Safety pins from a grenade that Irina found in the rubble. Irina’s house was blown up by Russian troops.Bucha is a town near the Ukrainian capital of Kyiv. Near the intersection of Yanovka and Vokzalna streets, about 1 km south of the Bucha train station in the center of the city, many bodies of civilians believed to have been massacred by the Russian military were found.
Mayor Anatoliy Fedoruk, 49, also testified to me that he saw about 20 bodies left on the street, and the Ukrainian government is currently investigating 10 Russian soldiers who are believed to have been involved in the massacre.
When I visited the site in early May, I found that the intersection had been cleaned up, but one house on the corner was still burned and wrecked, with piles of concrete rubble.
“It was four Chechen soldiers who came to the house. I could tell by their faces and Russian accents that they were from Chechnya. They threw grenades at us, and my husband was shot dead.”
Irina Abramova, 48, who lived in the house, opened her mouth heavily, holding a safety pin from a grenade she had found in the rubble.
A week ago, I finally started to put into perspective what had happened to me,” she said.
According to Irina, the four soldiers arrived on March 5.
There were already many tanks and armored vehicles in the area, and the fighting was beginning to intensify. Sensing danger, Irina and her husband, Oleg (40), moved from her mother’s house to a remote house where her father (72) was staying. Soon after, the main house exploded. Her father coughed and tried to put out the blaze with a fire extinguisher. He was saved in the nick of time, but Irina was taken toward the warehouse by one of the four soldiers who had invaded the house property and pointed a gun at her.

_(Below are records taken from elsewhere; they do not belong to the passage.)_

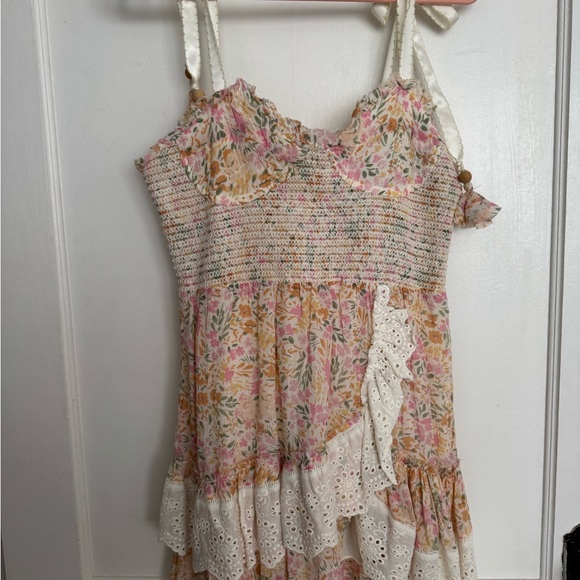 Olivaceous Floral Sleeveless Dress with Lace Details - Picture 1 of 5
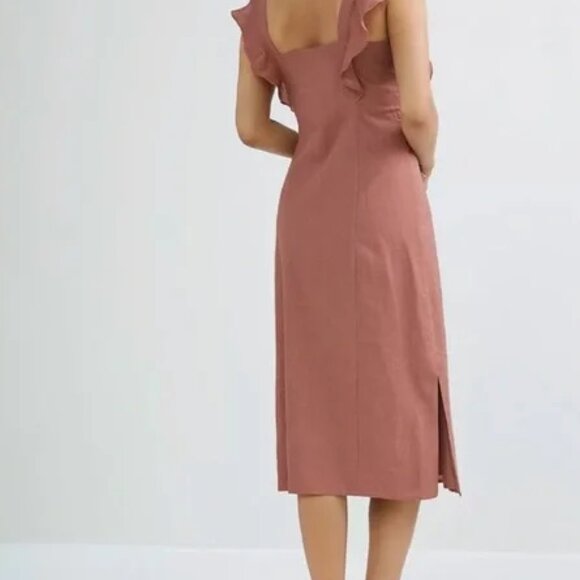 HUTCH "Ruffled Maxi Dress In Assorted-Rust Red" - Picture 2 of 6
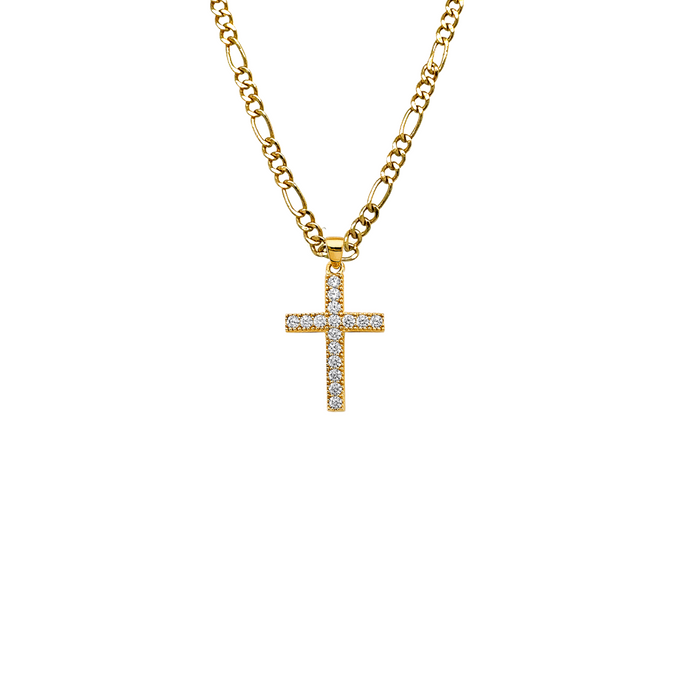 14k Gold Gemstone Cross Pendant with Solid Chain - LE-2615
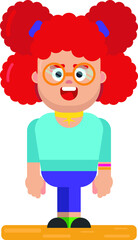 Cute girl with big red hair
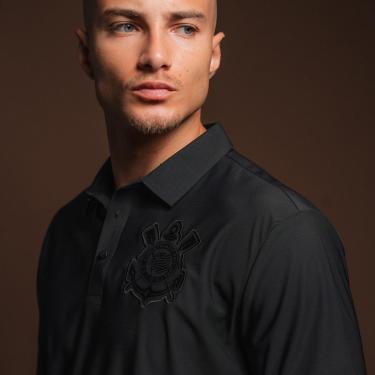 Imagem de Camisa Corinthians Polo Masculina M/C Preta-Masculino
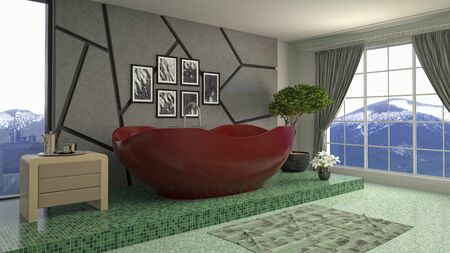 Bathroom interior. 3D illustration. Bath.の写真素材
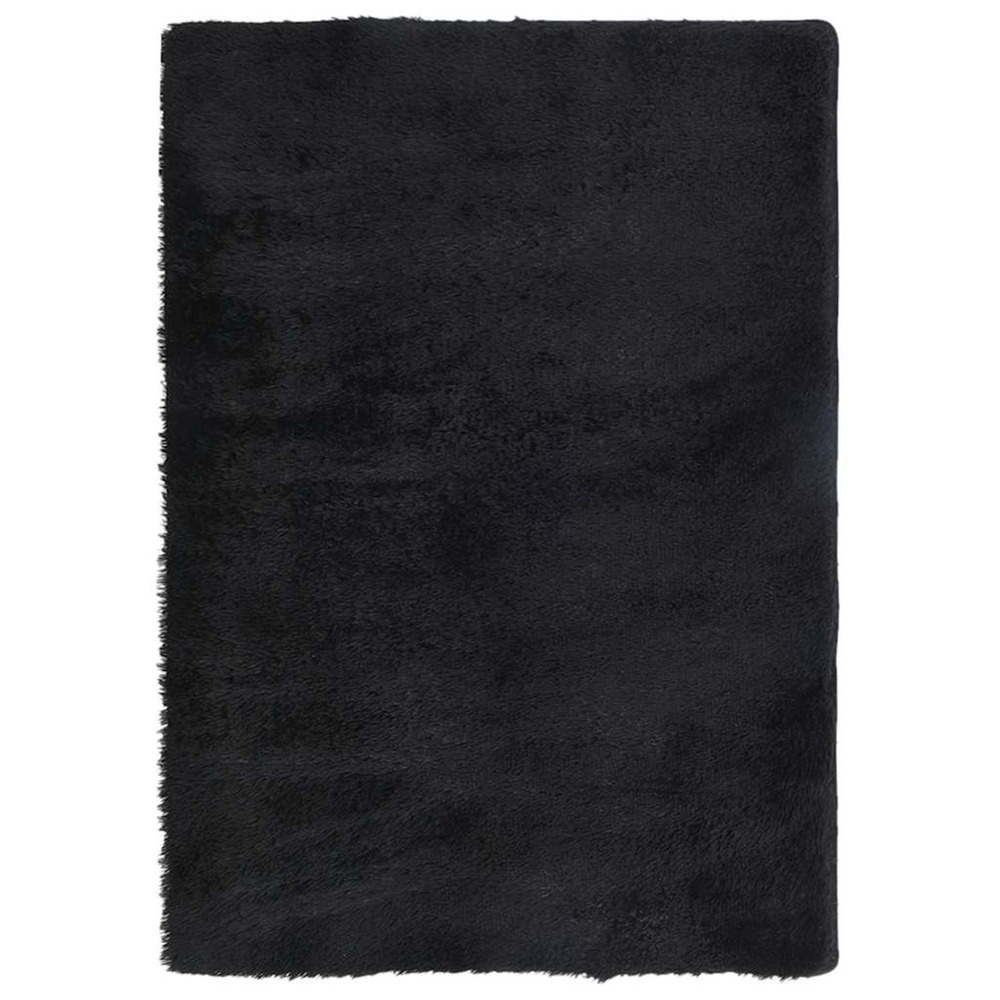 Tapis shaggy à poils longs navarra noir 120x170 cm polyester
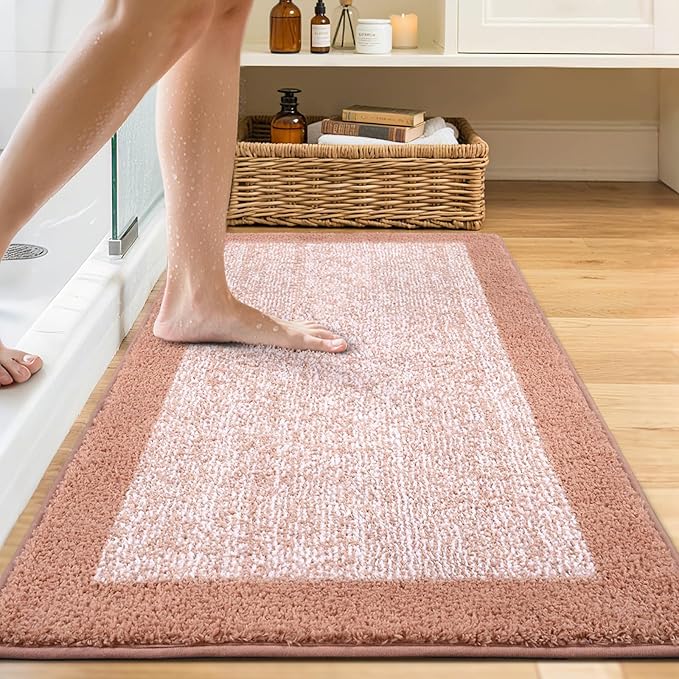 48x24 Long Bathroom Rugs Washable Non Slip, Soft Absorbent Quick Dry Mats - Image 2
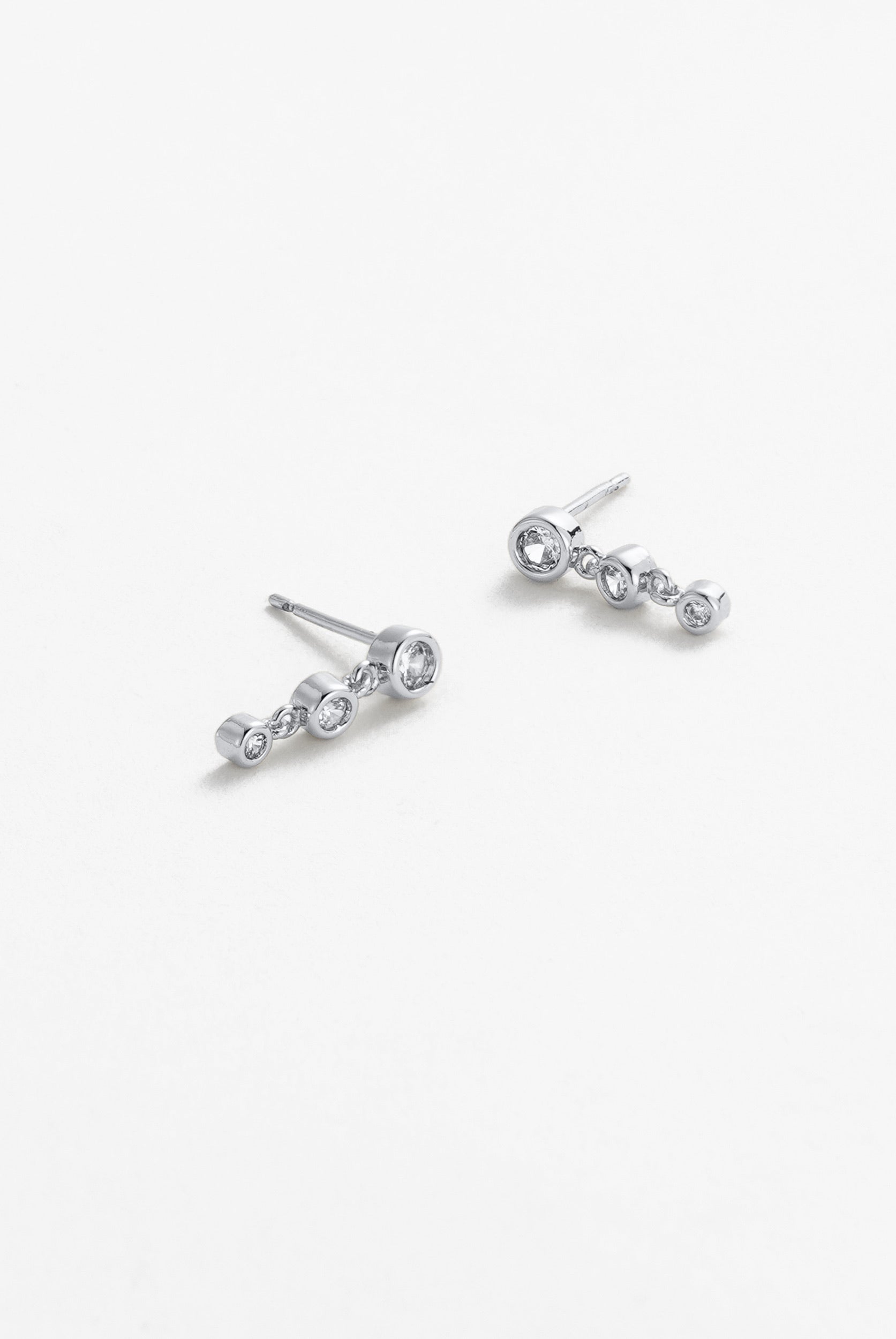 Zafino Abby Earring Clear Silver - detail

‘It is Ukraine’s fault that people in the Donbas region are being persecuted. Are there any nationalists here?”
The Donbas region consists of Donetsk and Luhansk oblasts in eastern Ukraine and has a large Russian-speaking population. Russia claims that Russian speakers in the region are persecuted by Ukrainian nationalists and has used this as an excuse to justify fighting in the region.
When Irina replied, “There are no nationalists,” the soldier continued.
“We are here to make them suffer, the same as those who were persecuted in the Donbas region.”
Soon after, the soldiers left the compound of the house, but Oleg was nowhere to be seen. When we headed toward the gate to look for his whereabouts, we found Oleg’s sweater and T-shirt were left in the yard. On the street just outside the gate, Oleg was lying face down with his upper body naked. The ground was covered with blood. He had been shot in the head while Irina was being questioned by the soldiers. The moment she saw her husband’s disfigured body, she said to herself, “Please kill me too!”
“I want you to kill me too!”
She shouted to four soldiers who were nearby, but she left the place with her father. Since then, she has been living as an evacuee at an acquaintance’s house.
“I used to converse with them in Russian, but my husband used Ukrainian.”
Ukrainian speakers were considered patriotic nationalists and may have been targeted.